I was reading last night before I went off to sleep about planning, goal setting, and dreaming big. Donald Miller, author of Blue Like Jazz says you should live your life as if you were writing a movie script.  Maybe that played into it but at 4:45AM my eyes popped open and something in me said, “You’ve got a 90th birthday coming up. You’ve better start planning.” Hence, my 30 year plan.

Now I’m just starting so I don’t want to share any details just yet but I will let you know, there will be a big shebang and you are all invited. I plan to run 5 miles that day and if it’s not too hot (in mid-July. Put it on your calendar.) play a little tennis. I also want Doris to get her hair done and put on something kind of cute. (Sorry, TMI) The point of the whole thing is, I’m making some plans. And it will be here before I know it.

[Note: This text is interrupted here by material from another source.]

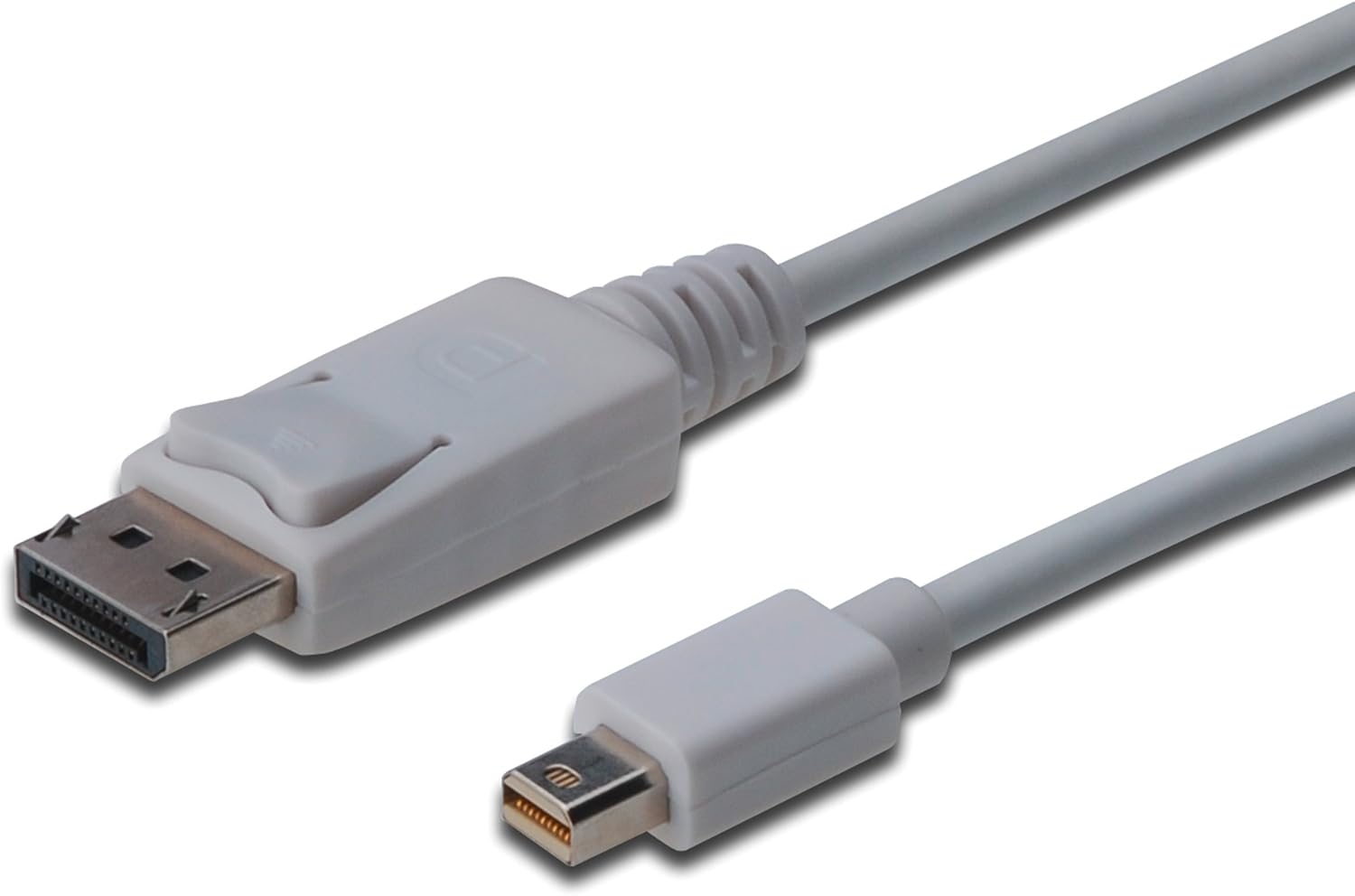 digitus 3m 迷你 dp 公对 dp 公头 displayport 连接电缆 - 白色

The truth is that real emotional, spiritual, and mental health involves staying in the moment, living one day at a time, and treating each day as if it were your last. But it’s not. Or at least I don’t know that it is. What I do know is that there is a lot of Kingdom work to be done. There are hurting people that I know that still need to hear that Jesus loves them. I have kids, and grand kids, and by that time, maybe great grand kids, that I have some influence over and responsibility to. “For the gifts and calling of God is irrevocable." (Romans 11:29) There just isn’t a place for me to pull down the sign, hang up my cleats and say, “I’m done.”

Now that can be a little discouraging. Don’t get me wrong, sitting on the beach in the Bahamas or lounging by the pool in Bimini sounds good to me. But is also incredibly exciting. God will not be finished with me until the very day He takes me home. He has things for me to do and the energy and resources to do them. So….
I’m making out my 30 year plan today. And if the next 30 is as adventuresome as the last, I can’t wait to see it.  “Now therefore, give me this mountain… Joshua 14:12”  (Caleb at age 85.)